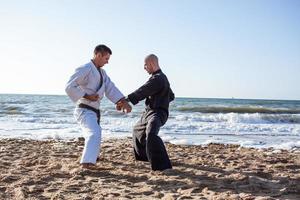 Karate-Kämpfer kämpfen morgens am Strand-Boxring foto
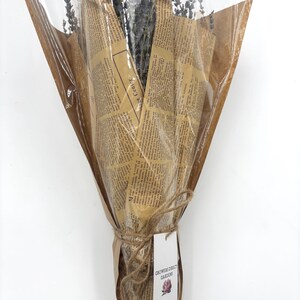 May include: A bouquet of dried lavender wrapped in brown paper with a newspaper print design. The bouquet is tied with twine and has a tag that reads "Growers Direct Gardens".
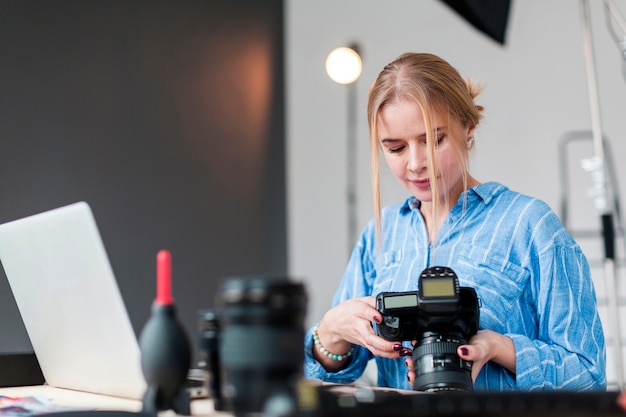 Donna del fotografo e la sua lente che stanno al suo scrittorio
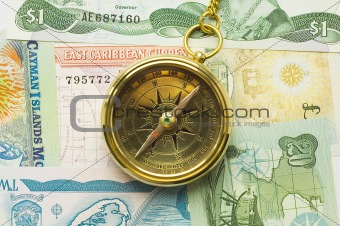 Old style gold compass with chain on money background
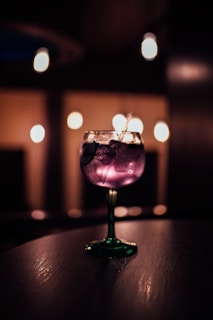 Close-up of a steaming, dark purple cocktail glowing under a ghostly light.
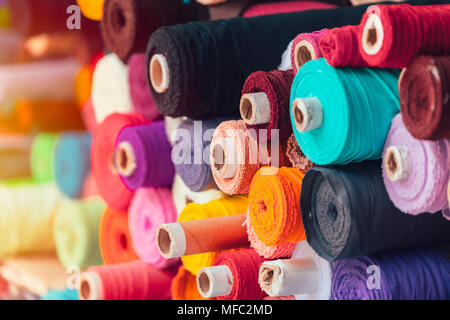 Thread rolls in a textile industry. Range of colours Stock Photo - Alamy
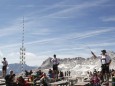 Goasslschnoizer take part in a whip cracking interlude on Germany's tallest mountain Zugspitze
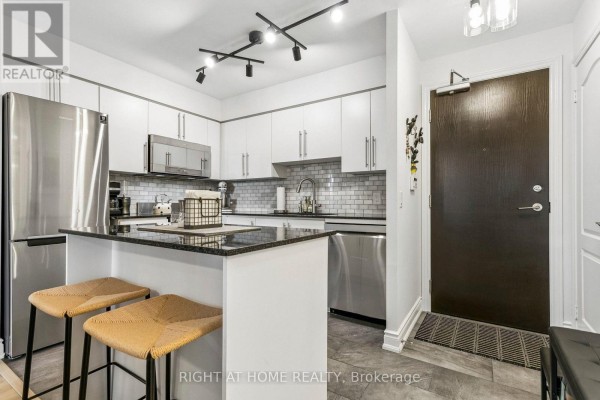 Kitchen with white cabinets, granite island, stainless steel appliances, and entrance door to the right. - 805 - 1103 Leslie Street, Toronto
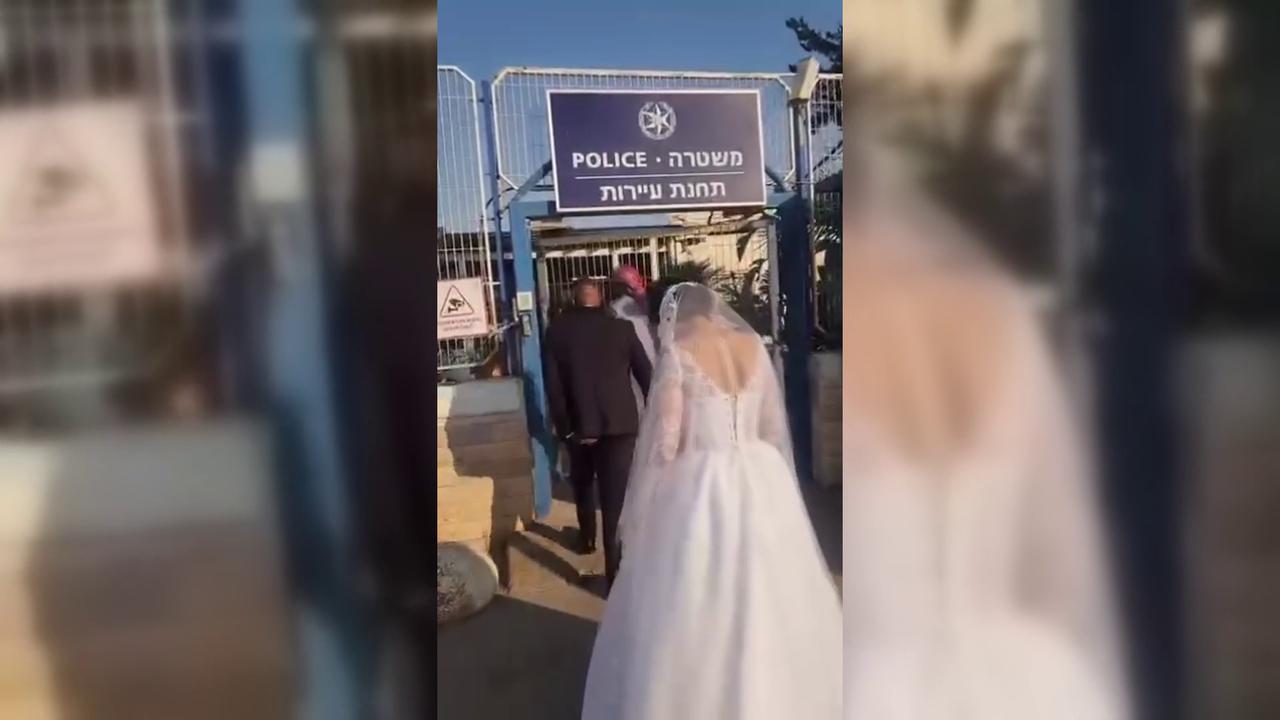 Video thumbnail for Israel: Palestinian Bride and Groom Detained During Wedding Procession.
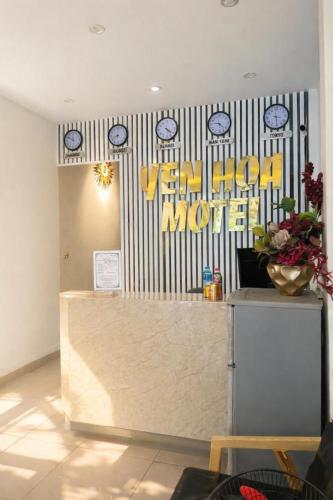 a restaurant with a counter with clocks on the wall at YÊN HÒA MOTEL in Hanoi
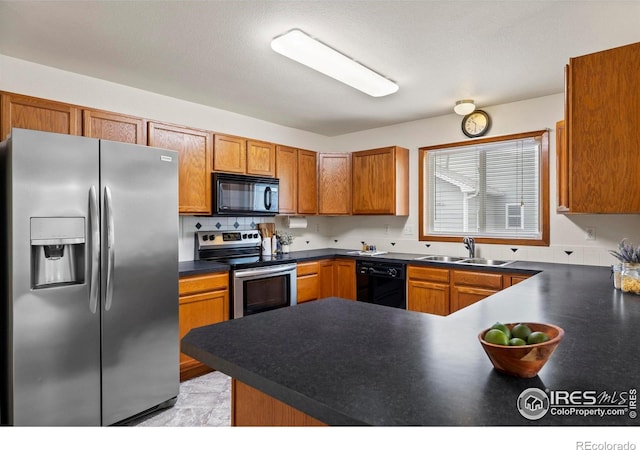 2476 Forsythia Dr, Loveland, CO 80537 - kitchen featuring brown cabinetry, dark countertops, a sink, black appliances, and a peninsula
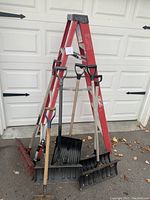 Red metal A-frame ladder and five shovels arranged in front of garage door on paved driveway.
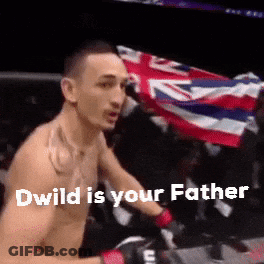 Shirtless Man Holding Flag In Boxing Ring GIF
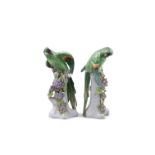 A PAIR OF 19TH CENTURY SAMSON OF PARIS PAINTED PORCELAIN MODELS OF GREEN PARROTS standing on tree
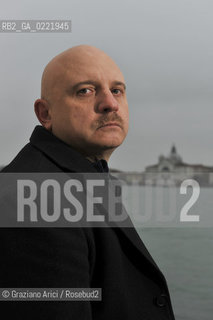 Venice 14/1/11 - The writer Tiziano Scarpa with the Italian national flag. He fought against the racism for an interracial country and now, in the 150 years centennial of italian Unity,  the tricolored flag is his fight flag. ©Graziano Arici/Rosebud2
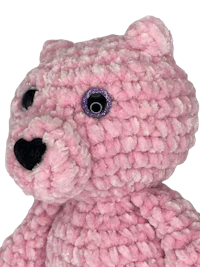 a pink crocheted teddy bear is shown against a black background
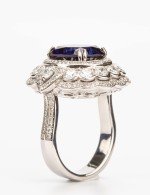 Кольцо из белого золота c бриллиантами и сапфиром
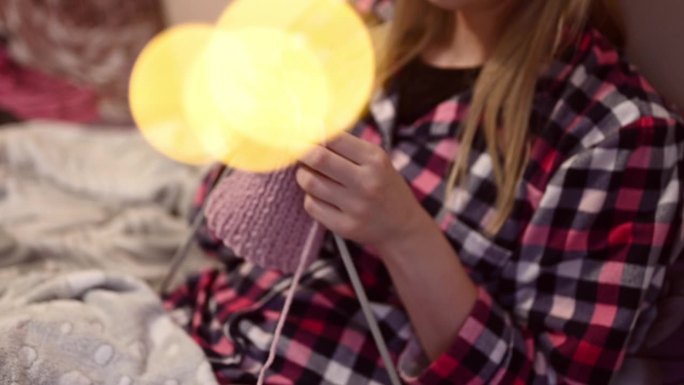 圣诞期间，一位年轻女子在家里放松地织毛衣。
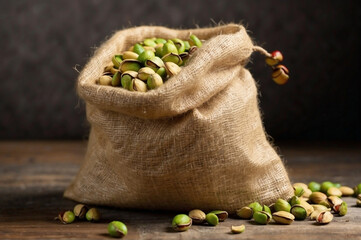 Raw pistachios spilling out from a burlap bag 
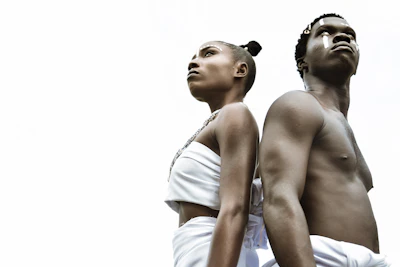 a man and a woman standing next to each other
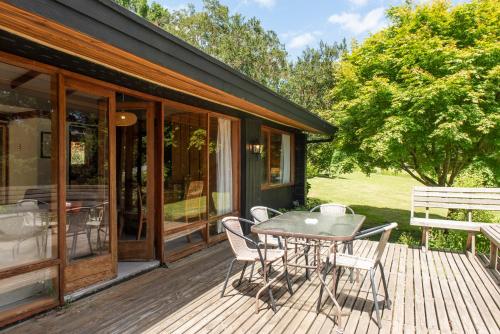a wooden deck with a table and chairs on it at Hotel y Cabañas El Parque in Villarrica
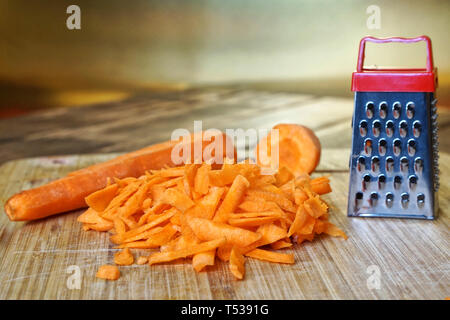 Carottes râpées se trouve dans la cuisine, sur une planche à découper en bois vintage. Rare mystère et illusion d'optique. Petits et gros Banque D'Images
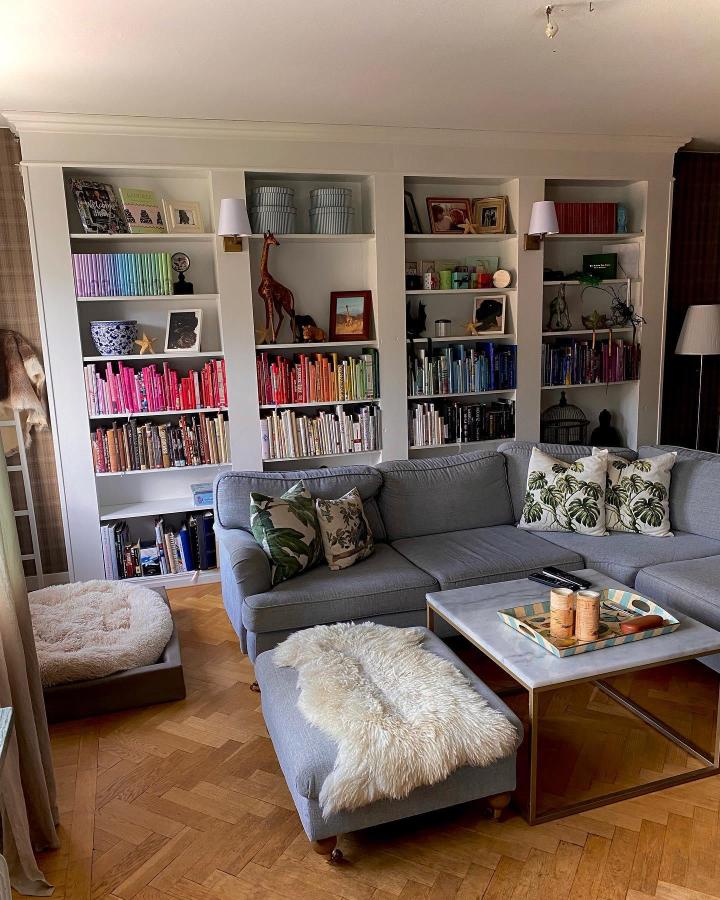White Ikea Billy bookcase with color-coordinated books and natural decor by @pernillalundkvist creating cozy compact living room style.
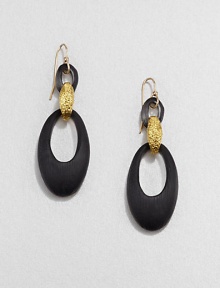 From the Lucite Collection. Sleek oval loops of hand-painted, hand-sculpted Lucite are connected by a golden bale with a rich pebble texture.LuciteGoldtoneLength, about 2.4Ear wireMade in USA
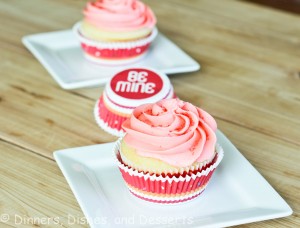 vanilla cupcake with pink frosting on white plate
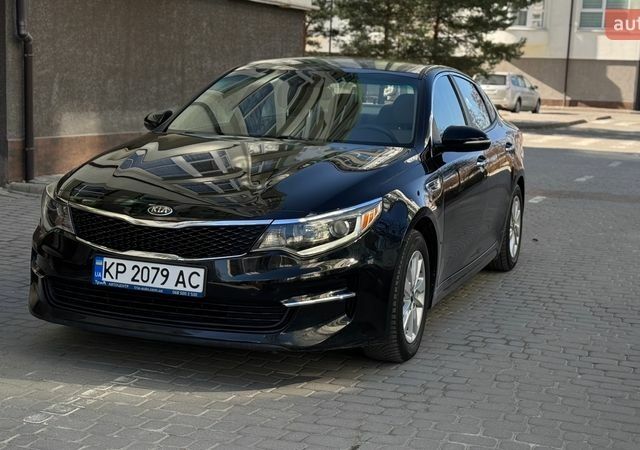 Чорний Кіа Оптіма, об'ємом двигуна 2.36 л та пробігом 107 тис. км за 11500 $, фото 1 на Automoto.ua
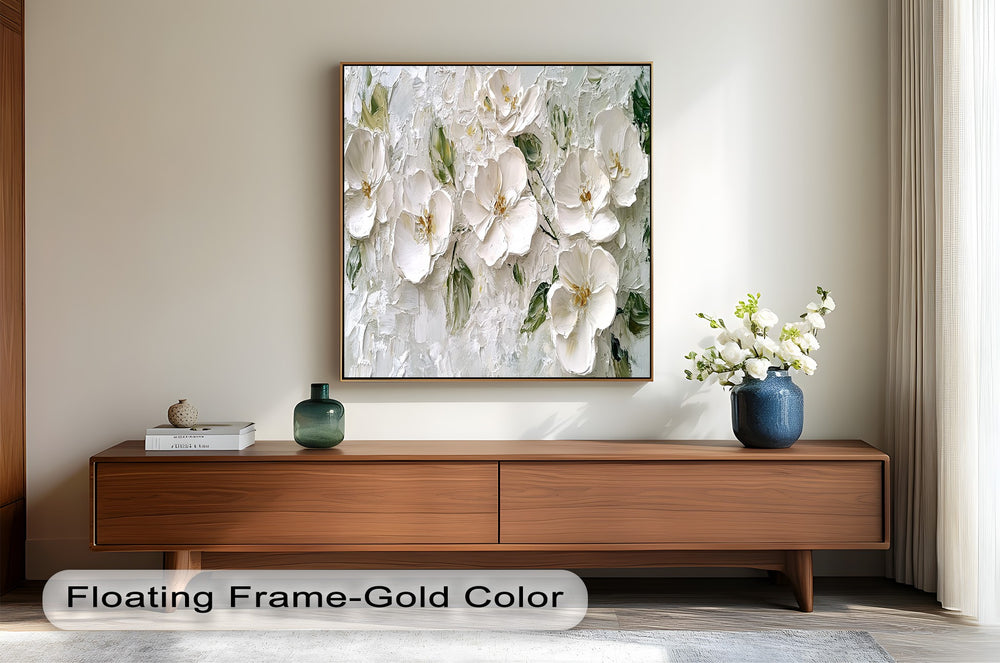 Elegant white flower wall art featuring rich texture and natural green accents.
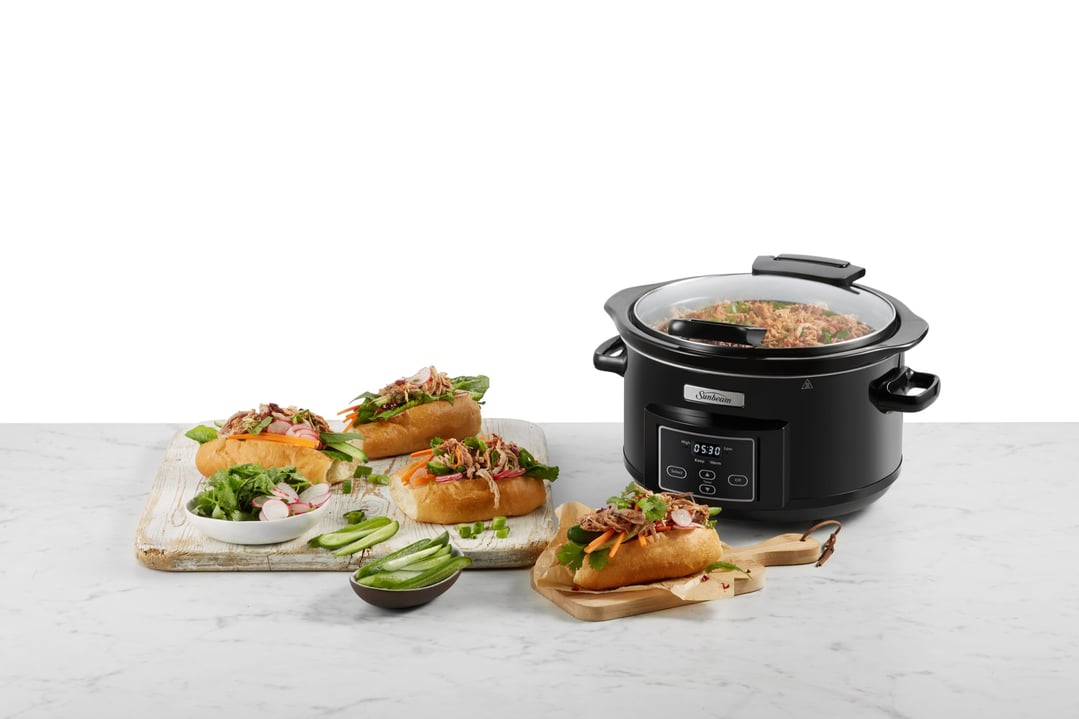 Black Sunbeam slow cooker on a white marble counter with banh mi sandwiches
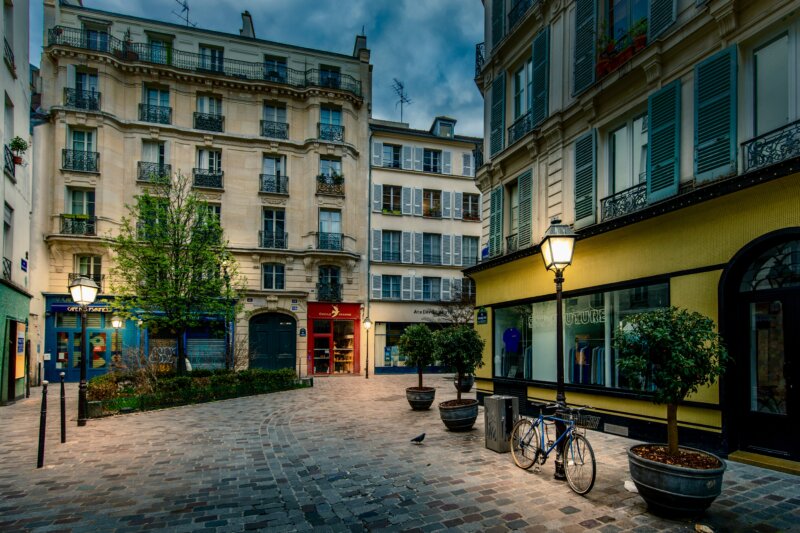 Typical street in Marais district with Rue des Rosiers in Paris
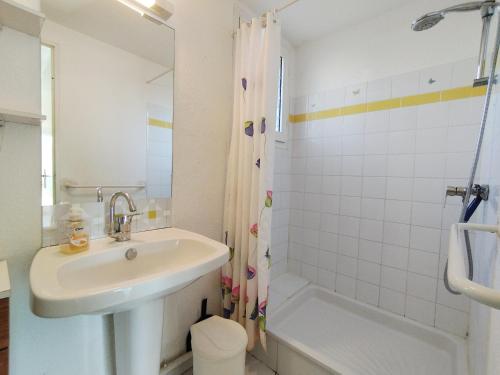 une salle de bain blanche avec un lavabo et une baignoire dans l'établissement Villa T3 Mezzanine - Parking Privé - À 6 min de la plage - 6 pers. - Narbonne-Plage - FR-1-795-62, à Narbonne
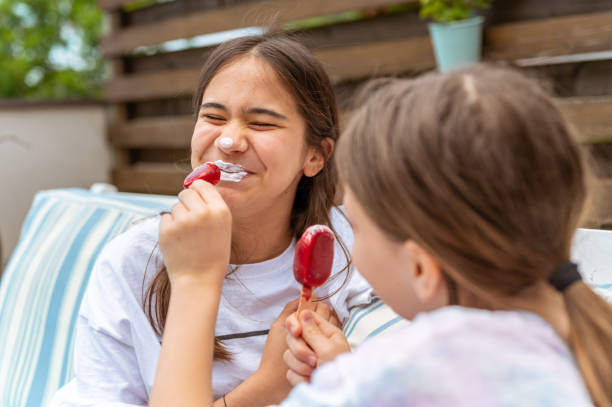istock Two girls having fun with ice cream and using it as a lipstick 1226924774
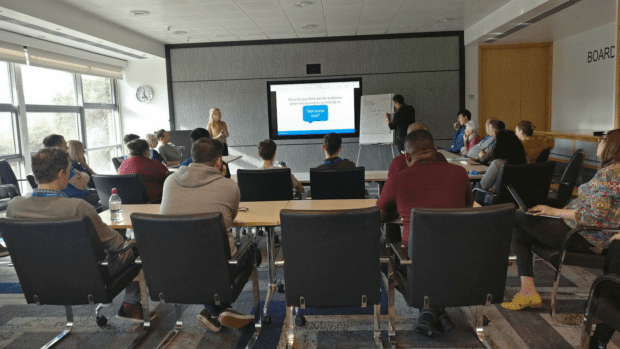 Picture of a group of people in a meeting office having a discussion.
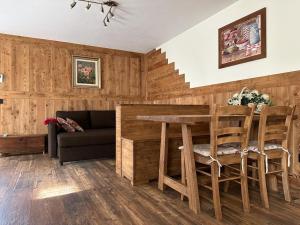 uma sala de estar com uma mesa e cadeiras e um sofá em Hotel Relais Des Glaciers - Adults Only em Champoluc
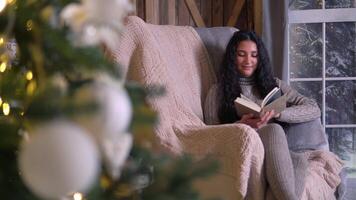 familie kerstmis, pret partij, blijven Bij huis, nieuw jaar viering. vrouw in gebreid trui leest een boek terwijl zittend in een stoel in de buurt de Kerstmis boom video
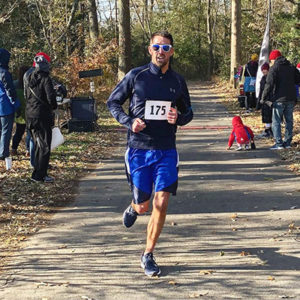 Author Dylan Roche Running in a race near Annapolis, Maryland
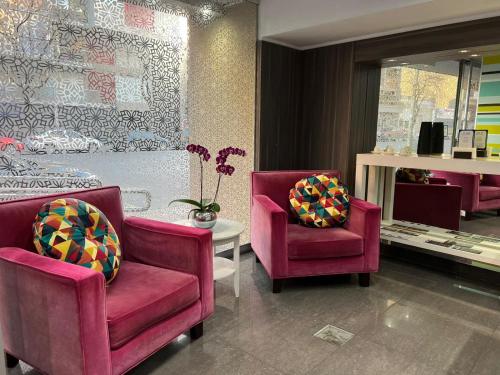 a store with two chairs and a table and a bed at ian Hotel in Buenos Aires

..........

> [ACTIVITY]:
Above this task is a listing with pictures in it. Retype only the lines from the one containing "a restaurant with" through the one containing "Shirtless Man Holding", both included, and not the pictures.

> [TASK SOLUTION]:
 a restaurant with a counter with clocks on the wall at YÊN HÒA MOTEL in Hanoi
 2476 Forsythia Dr, Loveland, CO 80537 - kitchen featuring brown cabinetry, dark countertops, a sink, black appliances, and a peninsula
 Red metal A-frame ladder and five shovels arranged in front of garage door on paved driveway.
 Shirtless Man Holding Flag In Boxing Ring GIF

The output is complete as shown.